PROBLEM DETAILS: Which lines run from the line with "Бесплатное стоковое фото" through the line with "Used 2012 Toyota" in the entries below? Print them exactly, both ends included, and nothing more.

Caption-style text data:
* * * * *

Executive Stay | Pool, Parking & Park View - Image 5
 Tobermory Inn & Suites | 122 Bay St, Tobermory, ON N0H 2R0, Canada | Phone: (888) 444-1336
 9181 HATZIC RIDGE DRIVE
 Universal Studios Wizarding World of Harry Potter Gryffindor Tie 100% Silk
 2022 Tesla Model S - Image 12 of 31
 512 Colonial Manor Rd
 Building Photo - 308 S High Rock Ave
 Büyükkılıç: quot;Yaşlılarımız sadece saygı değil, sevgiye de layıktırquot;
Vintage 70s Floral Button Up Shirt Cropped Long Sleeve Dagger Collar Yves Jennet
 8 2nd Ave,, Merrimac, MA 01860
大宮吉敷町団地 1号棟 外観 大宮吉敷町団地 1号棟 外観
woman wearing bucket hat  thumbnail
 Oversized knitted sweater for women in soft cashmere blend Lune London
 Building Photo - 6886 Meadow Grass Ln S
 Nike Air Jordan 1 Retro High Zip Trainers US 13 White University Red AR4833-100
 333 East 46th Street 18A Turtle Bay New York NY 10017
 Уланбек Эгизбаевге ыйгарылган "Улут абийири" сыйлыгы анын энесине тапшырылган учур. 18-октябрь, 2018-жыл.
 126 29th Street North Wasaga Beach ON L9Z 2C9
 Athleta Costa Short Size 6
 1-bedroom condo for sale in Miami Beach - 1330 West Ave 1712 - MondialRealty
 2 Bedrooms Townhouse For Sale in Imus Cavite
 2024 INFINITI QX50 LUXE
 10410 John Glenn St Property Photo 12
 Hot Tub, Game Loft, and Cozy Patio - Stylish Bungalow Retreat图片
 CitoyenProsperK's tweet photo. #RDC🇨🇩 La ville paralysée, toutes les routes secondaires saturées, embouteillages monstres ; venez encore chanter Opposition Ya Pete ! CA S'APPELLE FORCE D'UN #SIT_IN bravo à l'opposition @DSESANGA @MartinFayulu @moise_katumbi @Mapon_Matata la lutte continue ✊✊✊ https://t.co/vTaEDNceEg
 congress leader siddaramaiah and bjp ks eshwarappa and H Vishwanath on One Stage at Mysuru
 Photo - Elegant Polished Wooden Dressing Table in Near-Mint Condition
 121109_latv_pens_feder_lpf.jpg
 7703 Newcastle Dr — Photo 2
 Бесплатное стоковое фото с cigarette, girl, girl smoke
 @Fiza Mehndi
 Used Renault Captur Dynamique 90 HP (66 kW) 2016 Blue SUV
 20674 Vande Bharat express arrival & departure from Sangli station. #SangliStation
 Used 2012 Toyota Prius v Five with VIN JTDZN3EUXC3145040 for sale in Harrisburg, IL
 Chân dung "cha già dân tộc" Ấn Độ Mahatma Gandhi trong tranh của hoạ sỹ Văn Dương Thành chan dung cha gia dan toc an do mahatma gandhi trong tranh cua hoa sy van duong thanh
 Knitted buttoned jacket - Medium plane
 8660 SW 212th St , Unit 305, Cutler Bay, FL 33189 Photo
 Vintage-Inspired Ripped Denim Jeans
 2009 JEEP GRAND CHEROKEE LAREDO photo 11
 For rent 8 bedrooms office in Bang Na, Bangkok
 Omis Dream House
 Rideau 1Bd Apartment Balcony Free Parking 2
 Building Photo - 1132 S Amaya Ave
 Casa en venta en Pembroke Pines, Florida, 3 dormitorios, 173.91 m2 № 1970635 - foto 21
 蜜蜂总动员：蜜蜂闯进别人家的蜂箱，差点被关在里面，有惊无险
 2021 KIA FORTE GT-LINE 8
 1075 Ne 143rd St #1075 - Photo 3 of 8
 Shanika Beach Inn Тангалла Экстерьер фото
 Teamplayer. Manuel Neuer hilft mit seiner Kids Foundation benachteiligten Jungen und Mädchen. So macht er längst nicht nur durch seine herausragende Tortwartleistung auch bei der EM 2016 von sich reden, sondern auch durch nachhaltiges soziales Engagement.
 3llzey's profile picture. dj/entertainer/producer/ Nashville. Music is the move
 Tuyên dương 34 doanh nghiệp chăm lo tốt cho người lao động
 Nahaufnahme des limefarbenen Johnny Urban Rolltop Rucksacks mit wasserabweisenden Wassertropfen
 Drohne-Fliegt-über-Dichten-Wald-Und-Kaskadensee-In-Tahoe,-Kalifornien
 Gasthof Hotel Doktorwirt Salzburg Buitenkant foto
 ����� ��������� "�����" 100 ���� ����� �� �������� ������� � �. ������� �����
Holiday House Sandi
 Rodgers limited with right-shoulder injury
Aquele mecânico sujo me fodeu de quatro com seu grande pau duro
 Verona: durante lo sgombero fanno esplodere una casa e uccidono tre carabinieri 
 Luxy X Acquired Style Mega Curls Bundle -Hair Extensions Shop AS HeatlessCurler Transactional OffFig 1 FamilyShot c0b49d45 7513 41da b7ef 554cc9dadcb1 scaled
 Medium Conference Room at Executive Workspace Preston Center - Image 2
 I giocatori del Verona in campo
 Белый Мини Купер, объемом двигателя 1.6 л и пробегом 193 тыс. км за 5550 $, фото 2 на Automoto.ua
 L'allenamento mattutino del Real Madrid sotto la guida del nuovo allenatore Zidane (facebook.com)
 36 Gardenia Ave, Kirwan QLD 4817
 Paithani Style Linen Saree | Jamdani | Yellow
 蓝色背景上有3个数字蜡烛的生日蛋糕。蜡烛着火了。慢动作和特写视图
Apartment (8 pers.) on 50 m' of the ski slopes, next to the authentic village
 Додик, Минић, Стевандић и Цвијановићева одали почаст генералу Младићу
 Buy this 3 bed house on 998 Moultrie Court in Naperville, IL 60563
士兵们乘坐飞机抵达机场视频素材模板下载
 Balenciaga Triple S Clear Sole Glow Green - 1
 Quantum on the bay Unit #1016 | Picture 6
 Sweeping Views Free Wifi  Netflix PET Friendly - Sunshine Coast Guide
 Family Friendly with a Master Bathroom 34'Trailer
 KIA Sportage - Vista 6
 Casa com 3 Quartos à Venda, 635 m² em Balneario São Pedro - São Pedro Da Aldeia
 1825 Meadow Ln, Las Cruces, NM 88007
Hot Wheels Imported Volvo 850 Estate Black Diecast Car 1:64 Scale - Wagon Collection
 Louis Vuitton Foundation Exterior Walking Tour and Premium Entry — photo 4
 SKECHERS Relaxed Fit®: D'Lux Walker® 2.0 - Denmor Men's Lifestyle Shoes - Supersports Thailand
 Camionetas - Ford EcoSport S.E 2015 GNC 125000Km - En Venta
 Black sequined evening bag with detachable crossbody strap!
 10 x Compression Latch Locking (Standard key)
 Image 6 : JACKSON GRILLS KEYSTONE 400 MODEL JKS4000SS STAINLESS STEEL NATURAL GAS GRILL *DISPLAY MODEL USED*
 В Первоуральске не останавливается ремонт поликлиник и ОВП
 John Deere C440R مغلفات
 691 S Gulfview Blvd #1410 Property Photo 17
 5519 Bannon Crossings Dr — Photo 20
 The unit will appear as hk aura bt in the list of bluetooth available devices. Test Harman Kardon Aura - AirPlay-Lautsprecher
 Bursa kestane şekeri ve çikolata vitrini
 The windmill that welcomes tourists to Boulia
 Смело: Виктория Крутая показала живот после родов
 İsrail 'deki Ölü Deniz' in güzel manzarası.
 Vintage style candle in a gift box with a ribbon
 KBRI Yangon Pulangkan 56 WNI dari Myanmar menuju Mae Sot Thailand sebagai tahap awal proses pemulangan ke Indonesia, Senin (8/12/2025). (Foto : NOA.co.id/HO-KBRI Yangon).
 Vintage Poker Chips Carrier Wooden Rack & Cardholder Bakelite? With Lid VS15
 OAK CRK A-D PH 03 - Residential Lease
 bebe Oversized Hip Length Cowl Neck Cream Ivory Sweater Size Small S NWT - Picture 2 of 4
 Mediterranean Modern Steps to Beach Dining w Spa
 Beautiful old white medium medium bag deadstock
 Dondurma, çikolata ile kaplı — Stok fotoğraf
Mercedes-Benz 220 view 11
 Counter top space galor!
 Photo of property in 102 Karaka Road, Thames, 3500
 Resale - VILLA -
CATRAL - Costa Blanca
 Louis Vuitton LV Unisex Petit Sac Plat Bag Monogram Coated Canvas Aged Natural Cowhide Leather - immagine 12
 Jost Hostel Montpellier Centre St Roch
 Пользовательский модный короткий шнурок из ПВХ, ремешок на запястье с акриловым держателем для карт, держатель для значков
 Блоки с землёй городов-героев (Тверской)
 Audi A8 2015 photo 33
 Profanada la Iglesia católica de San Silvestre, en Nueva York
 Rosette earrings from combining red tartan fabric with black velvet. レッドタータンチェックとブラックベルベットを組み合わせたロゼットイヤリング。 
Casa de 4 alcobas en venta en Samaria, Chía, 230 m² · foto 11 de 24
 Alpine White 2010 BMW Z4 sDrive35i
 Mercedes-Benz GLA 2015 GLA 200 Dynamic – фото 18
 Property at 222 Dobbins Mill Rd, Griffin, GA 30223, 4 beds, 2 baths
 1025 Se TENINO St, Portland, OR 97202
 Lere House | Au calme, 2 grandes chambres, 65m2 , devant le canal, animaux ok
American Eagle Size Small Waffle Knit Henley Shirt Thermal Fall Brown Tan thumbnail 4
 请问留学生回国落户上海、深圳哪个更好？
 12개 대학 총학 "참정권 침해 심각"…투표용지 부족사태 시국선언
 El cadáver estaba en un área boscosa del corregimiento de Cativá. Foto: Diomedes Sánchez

* * * * *

EXERCISE OUTPUT:
 Бесплатное стоковое фото с cigarette, girl, girl smoke
 @Fiza Mehndi
 Used Renault Captur Dynamique 90 HP (66 kW) 2016 Blue SUV
 20674 Vande Bharat express arrival & departure from Sangli station. #SangliStation
 Used 2012 Toyota Prius v Five with VIN JTDZN3EUXC3145040 for sale in Harrisburg, IL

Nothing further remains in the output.